> EXERCISE
For the data below, restate word for word only the lines from the line containing "Microsoft word 2010 File Menu All Options." through the line containing "Drevený obraz - Panna Mária Matka Ticha", both ends included.

> RECORDS PROVIDED

* * *

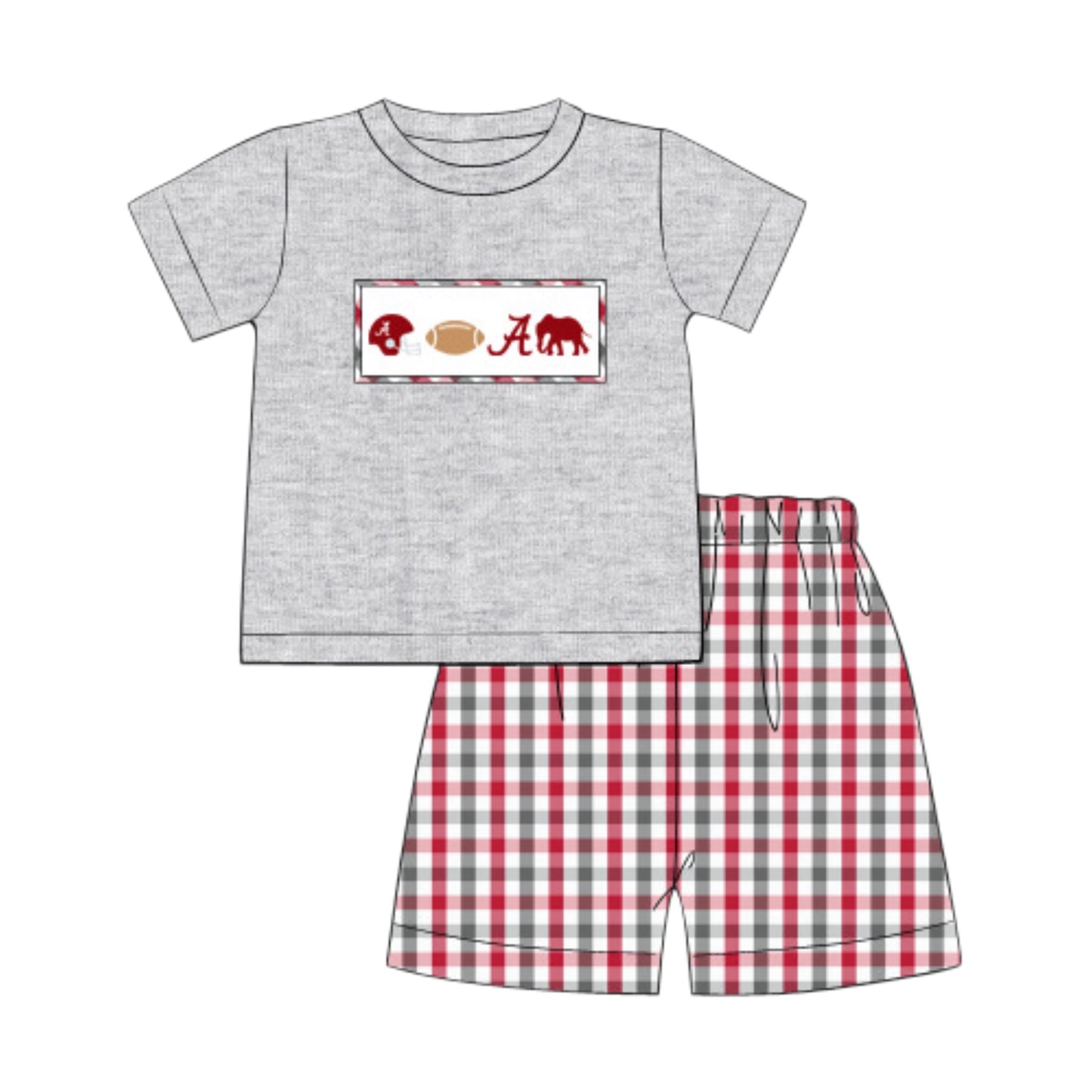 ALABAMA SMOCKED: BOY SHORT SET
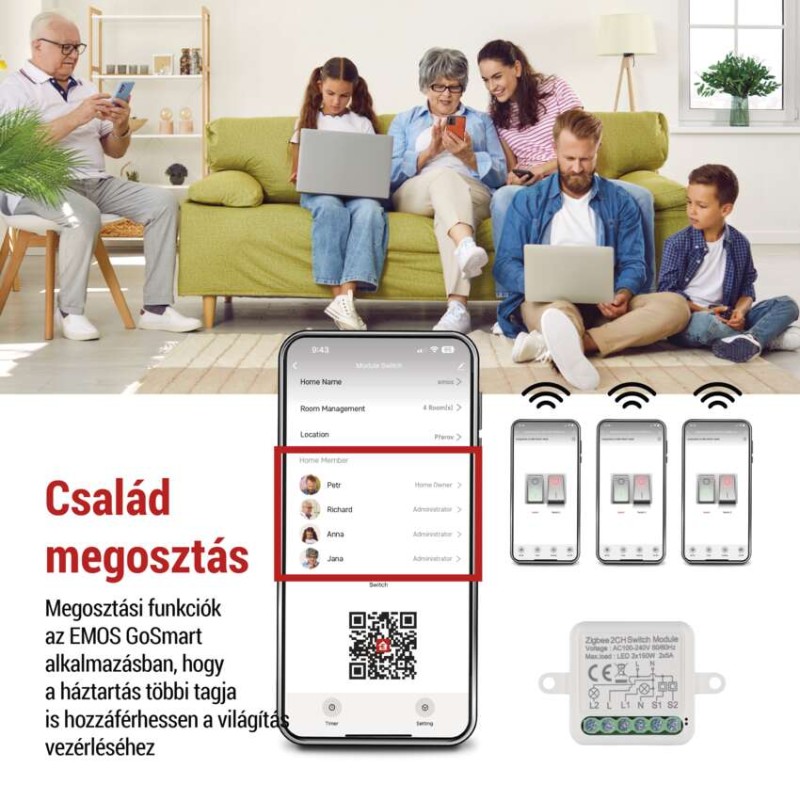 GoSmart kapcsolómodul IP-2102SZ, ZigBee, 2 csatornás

* * *

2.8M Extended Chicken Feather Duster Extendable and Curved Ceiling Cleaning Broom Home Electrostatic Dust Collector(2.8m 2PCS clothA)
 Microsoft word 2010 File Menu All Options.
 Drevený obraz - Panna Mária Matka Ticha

* * *

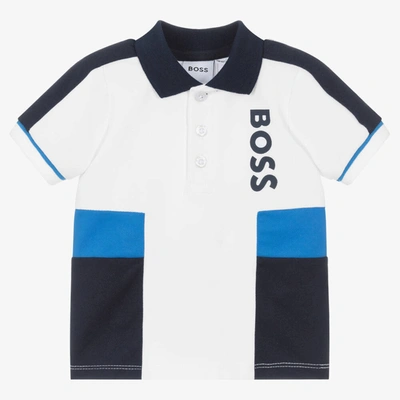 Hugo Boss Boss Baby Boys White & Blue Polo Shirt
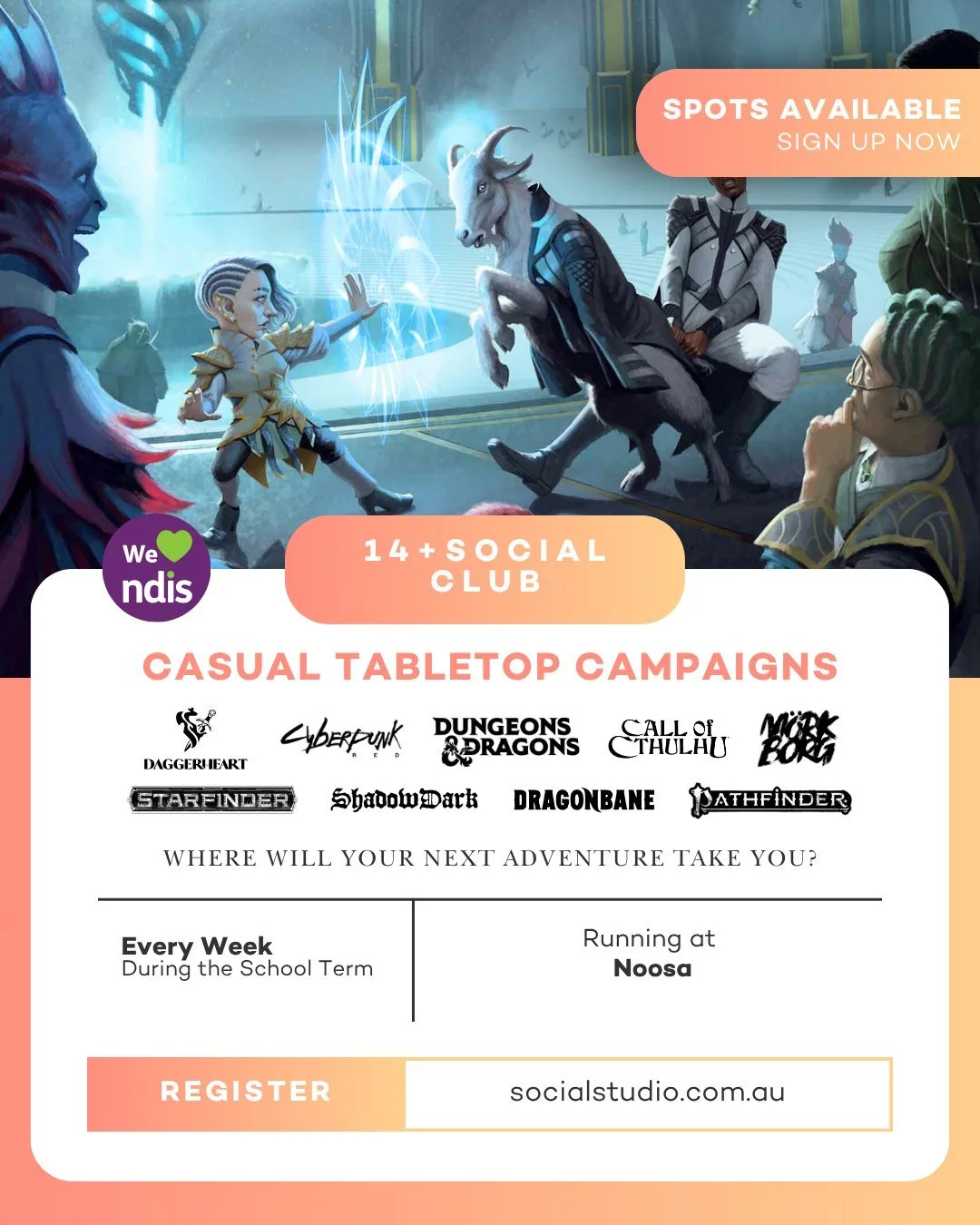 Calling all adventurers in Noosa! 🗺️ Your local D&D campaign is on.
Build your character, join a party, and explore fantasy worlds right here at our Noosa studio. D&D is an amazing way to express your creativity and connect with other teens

* * *

> ANSWER TO THE PROBLEM
 Microsoft word 2010 File Menu All Options.
 Drevený obraz - Panna Mária Matka Ticha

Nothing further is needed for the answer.